Case in point? Norway.
The country — one of the top 15 producers of oil in the world — saw its economy hit the skids starting in 2014 as global crude prices fell more than 70%.
Since then, crude prices have rebounded a little. But Norway’s economy made back a lot of lost ground. In the first quarter this year, Norway’s economy grew at the fastest pace in over three years. Companies are confident again too.
As Bloomberg noted recently: “The Norwegian economy is now seen emerging from the worst downturn in a generation.”
Euro Zone Economic Growth
Can the good times continue in Norway, and the rest of Europe for that matter?
The data say yes. For instance, Germany’s respected Ifo economic institute recently raised its forecast for the country’s economic growth from 1.5% to 1.8%, with another increase to an annual growth rate of 2% in 2018.

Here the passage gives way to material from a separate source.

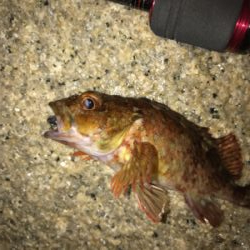 メバリングのつもりがガシリング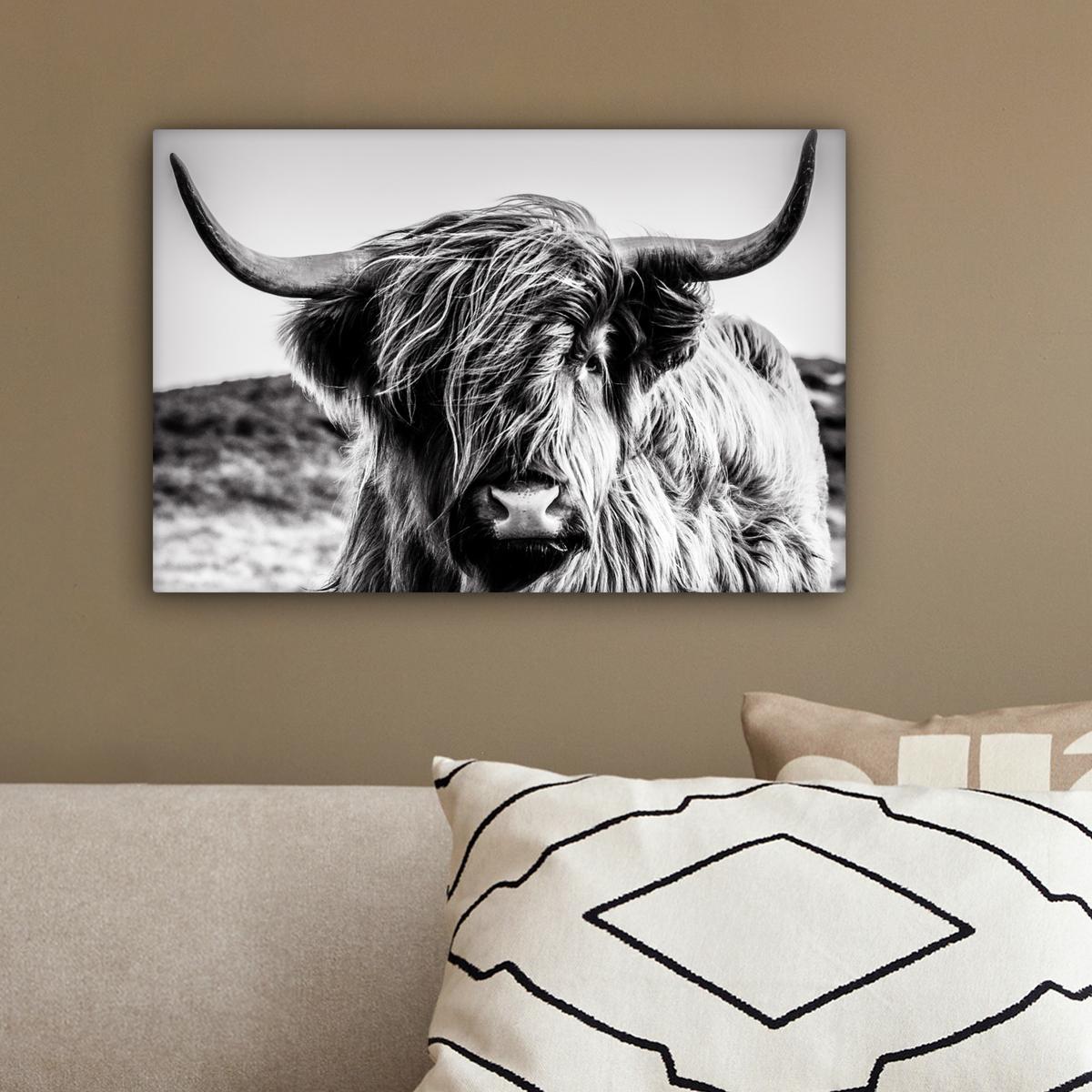 LEINWANDBILD Kuh - Schottischer Hochländer - Schwarz - Weiß - Tier - Natur - Wildtiere Deko Schlafzimmer 30x20 cm - Schwarz, Textil (30/20cm) - MuchoWow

Norway’s numbers tell a similar story. The latest forecast from the Organization for Economic Cooperation and Development projects gradual strengthening in the country’s economy thanks to stronger growth of private consumption and investments.
What’s interesting about Norway’s economic rebound is that industrial output and demand for electricity are all rising by strong numbers, even though “oil and gas extraction and related services” — accounting for nearly three quarters of Norway’s total industrial production — fell by 0.4%.
What does it mean? The country’s three-year effort to restructure its economy away from oil is starting to pay off in small but meaningful ways.
For instance, Norway’s Norsk Titanium recently starting exporting its first-ever 3-D printing machines. The laser-based systems make it possible for aircraft manufacturers and makers of jet engines to digitally “print” out fully formed aircraft components from powdered titanium.
The first of Norsk Titanium’s 3-D printers — already approved by the U.S. Federal Aviation Administration — were shipped out in April, with Boeing as the first customer.
The aircraft maker says the machines will allow it to save up to $3 million per jet versus expenditures using traditional manufacturing methods. Such systems will be increasingly important to the jet maker as it seeks to continue with a long string of earnings surprises in recent years that have helped its stock price to nearly triple, from $75 to almost $200 a share, since 2013.
It all points back to a trend we’ve been harping on for the past 18 months — when it comes to finding new places to invest, Europe is still underpriced and underappreciated. Expect bigger gains to come.